• Work request
Of all the lines below, output only those starting at the one with "модель NP0A4HJW0411 Фото" and ending at the one with "HEY GIRL DENIM SHORTS", both ends included, exactly as written.

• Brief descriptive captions
|---|

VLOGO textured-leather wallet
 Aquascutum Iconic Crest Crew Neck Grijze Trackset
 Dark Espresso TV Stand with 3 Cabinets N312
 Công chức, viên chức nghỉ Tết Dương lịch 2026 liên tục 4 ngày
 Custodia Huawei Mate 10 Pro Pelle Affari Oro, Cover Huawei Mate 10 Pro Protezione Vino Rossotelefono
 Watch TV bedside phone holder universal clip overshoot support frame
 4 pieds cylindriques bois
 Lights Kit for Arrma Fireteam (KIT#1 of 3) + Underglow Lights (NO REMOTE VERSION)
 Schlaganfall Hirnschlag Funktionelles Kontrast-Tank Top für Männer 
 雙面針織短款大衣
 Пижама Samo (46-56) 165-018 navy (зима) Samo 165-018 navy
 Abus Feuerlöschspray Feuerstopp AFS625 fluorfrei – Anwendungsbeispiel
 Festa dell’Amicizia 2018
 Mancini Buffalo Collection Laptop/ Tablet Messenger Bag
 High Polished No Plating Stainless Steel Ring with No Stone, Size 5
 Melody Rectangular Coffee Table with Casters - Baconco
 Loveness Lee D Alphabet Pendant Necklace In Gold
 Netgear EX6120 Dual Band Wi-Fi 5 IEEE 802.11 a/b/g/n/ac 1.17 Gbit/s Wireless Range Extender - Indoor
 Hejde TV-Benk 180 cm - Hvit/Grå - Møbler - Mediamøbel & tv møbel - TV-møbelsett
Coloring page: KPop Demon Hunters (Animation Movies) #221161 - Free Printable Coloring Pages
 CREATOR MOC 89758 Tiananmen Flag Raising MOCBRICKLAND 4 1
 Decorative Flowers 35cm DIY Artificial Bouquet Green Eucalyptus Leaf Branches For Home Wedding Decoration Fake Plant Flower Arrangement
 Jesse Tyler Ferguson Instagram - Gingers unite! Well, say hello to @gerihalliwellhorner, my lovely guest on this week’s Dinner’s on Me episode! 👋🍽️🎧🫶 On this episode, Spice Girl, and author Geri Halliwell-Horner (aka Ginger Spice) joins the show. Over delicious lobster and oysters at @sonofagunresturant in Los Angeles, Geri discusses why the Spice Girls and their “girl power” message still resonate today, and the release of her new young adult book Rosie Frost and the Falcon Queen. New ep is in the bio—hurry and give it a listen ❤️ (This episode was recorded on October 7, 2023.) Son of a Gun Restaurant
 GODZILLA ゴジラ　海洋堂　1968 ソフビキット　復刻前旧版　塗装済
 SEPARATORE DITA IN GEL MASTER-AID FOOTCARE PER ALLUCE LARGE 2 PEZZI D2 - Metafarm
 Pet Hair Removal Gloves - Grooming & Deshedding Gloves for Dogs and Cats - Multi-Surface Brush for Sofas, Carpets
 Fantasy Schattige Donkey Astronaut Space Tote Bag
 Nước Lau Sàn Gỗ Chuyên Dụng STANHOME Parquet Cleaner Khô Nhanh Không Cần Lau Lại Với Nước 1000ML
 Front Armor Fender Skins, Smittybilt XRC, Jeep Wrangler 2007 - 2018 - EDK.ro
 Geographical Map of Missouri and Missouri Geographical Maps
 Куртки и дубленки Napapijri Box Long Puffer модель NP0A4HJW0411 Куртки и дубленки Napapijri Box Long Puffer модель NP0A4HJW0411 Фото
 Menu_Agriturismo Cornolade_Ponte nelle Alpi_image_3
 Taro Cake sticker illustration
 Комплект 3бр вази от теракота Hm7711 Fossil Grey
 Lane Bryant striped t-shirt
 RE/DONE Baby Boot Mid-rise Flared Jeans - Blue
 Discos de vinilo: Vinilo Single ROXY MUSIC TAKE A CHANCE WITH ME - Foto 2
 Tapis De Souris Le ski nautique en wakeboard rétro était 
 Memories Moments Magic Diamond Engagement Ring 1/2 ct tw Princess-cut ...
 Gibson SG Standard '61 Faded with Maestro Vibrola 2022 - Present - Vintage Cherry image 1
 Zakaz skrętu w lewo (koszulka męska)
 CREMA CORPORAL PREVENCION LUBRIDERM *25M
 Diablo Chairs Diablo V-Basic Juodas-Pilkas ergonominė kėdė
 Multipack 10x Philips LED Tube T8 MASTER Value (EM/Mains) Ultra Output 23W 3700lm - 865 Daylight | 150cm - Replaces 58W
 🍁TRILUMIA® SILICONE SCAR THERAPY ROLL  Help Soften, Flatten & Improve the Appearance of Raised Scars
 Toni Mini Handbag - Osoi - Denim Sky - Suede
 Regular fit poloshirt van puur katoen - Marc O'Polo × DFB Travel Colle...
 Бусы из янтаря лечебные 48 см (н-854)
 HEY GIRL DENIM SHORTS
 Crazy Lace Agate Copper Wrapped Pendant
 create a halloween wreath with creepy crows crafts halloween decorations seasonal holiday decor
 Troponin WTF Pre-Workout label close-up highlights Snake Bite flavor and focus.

|---|

• Finished task
 Куртки и дубленки Napapijri Box Long Puffer модель NP0A4HJW0411 Куртки и дубленки Napapijri Box Long Puffer модель NP0A4HJW0411 Фото
 Menu_Agriturismo Cornolade_Ponte nelle Alpi_image_3
 Taro Cake sticker illustration
 Комплект 3бр вази от теракота Hm7711 Fossil Grey
 Lane Bryant striped t-shirt
 RE/DONE Baby Boot Mid-rise Flared Jeans - Blue
 Discos de vinilo: Vinilo Single ROXY MUSIC TAKE A CHANCE WITH ME - Foto 2
 Tapis De Souris Le ski nautique en wakeboard rétro était 
 Memories Moments Magic Diamond Engagement Ring 1/2 ct tw Princess-cut ...
 Gibson SG Standard '61 Faded with Maestro Vibrola 2022 - Present - Vintage Cherry image 1
 Zakaz skrętu w lewo (koszulka męska)
 CREMA CORPORAL PREVENCION LUBRIDERM *25M
 Diablo Chairs Diablo V-Basic Juodas-Pilkas ergonominė kėdė
 Multipack 10x Philips LED Tube T8 MASTER Value (EM/Mains) Ultra Output 23W 3700lm - 865 Daylight | 150cm - Replaces 58W
 🍁TRILUMIA® SILICONE SCAR THERAPY ROLL  Help Soften, Flatten & Improve the Appearance of Raised Scars
 Toni Mini Handbag - Osoi - Denim Sky - Suede
 Regular fit poloshirt van puur katoen - Marc O'Polo × DFB Travel Colle...
 Бусы из янтаря лечебные 48 см (н-854)
 HEY GIRL DENIM SHORTS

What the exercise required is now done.